--- Data in this exercise ---
┌────────
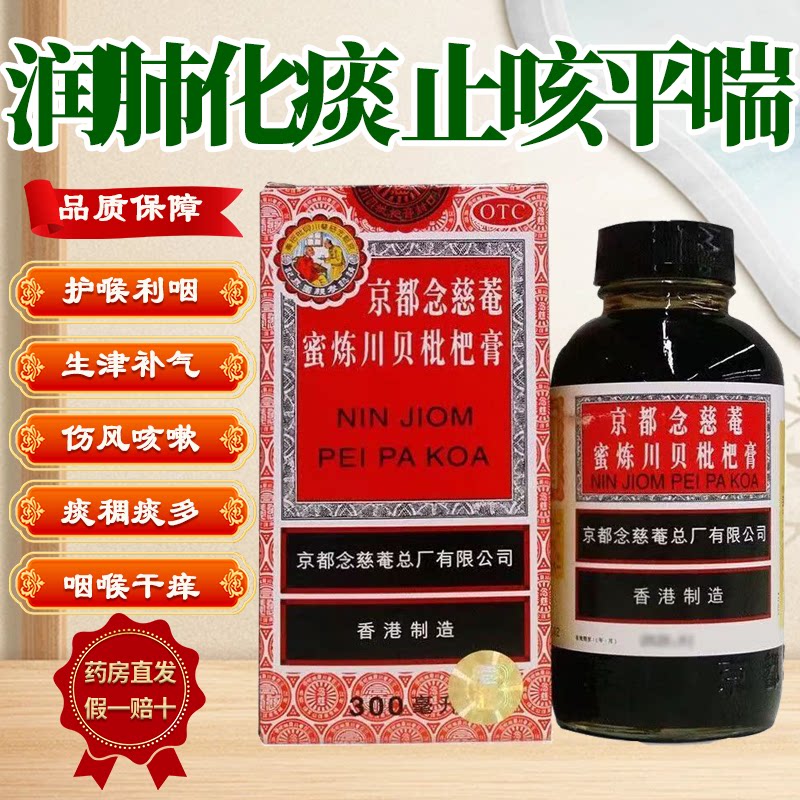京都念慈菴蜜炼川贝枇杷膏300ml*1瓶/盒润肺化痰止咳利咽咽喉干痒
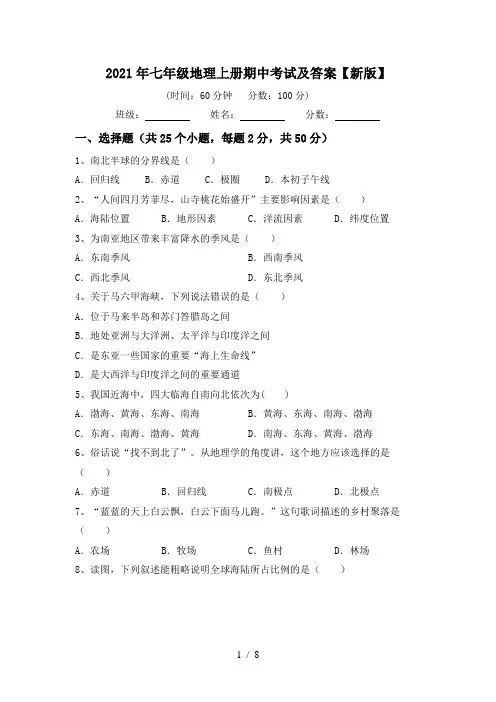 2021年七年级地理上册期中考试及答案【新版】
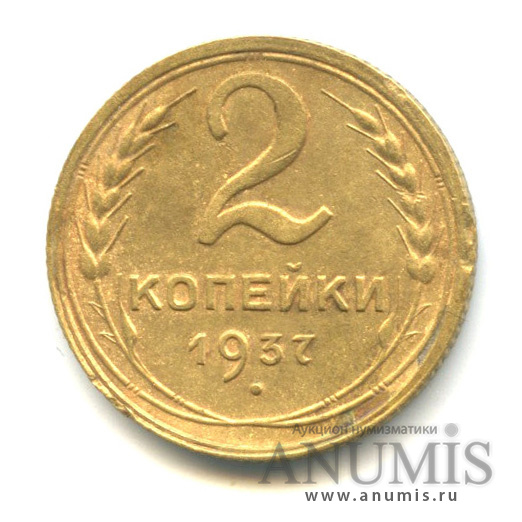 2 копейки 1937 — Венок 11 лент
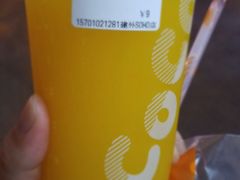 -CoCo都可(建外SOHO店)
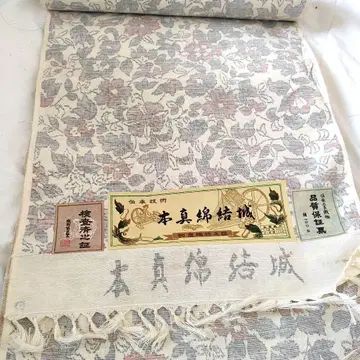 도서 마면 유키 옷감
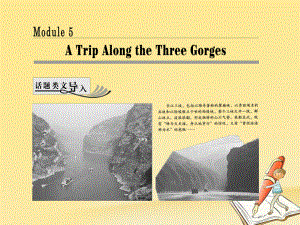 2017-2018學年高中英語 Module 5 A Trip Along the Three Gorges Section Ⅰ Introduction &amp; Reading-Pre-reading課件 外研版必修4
└────────
┌────────
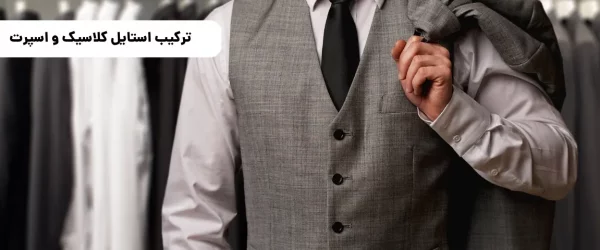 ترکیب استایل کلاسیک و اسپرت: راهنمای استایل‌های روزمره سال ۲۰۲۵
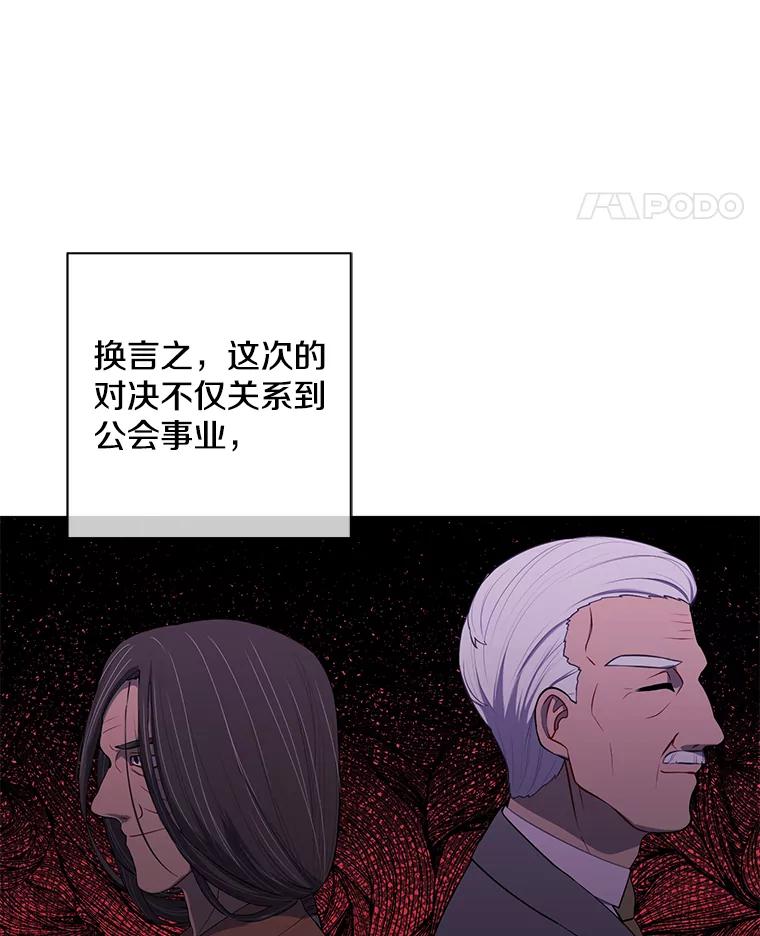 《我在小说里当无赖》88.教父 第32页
└────────
--- Your instructions ---
In the listing above, find the line containing "京都念慈菴蜜炼川贝枇杷膏300ml*1瓶/盒润肺化痰止咳利咽咽喉干痒" and the line containing "2017-2018學年高中英語 Module 5", then print exactly those two lines and every line between them, minus the pictures.

--- Exercise result ---
京都念慈菴蜜炼川贝枇杷膏300ml*1瓶/盒润肺化痰止咳利咽咽喉干痒
 2021年七年级地理上册期中考试及答案【新版】
 2 копейки 1937 — Венок 11 лент
 -CoCo都可(建外SOHO店)
 도서 마면 유키 옷감
 2017-2018學年高中英語 Module 5 A Trip Along the Three Gorges Section Ⅰ Introduction &amp; Reading-Pre-reading課件 外研版必修4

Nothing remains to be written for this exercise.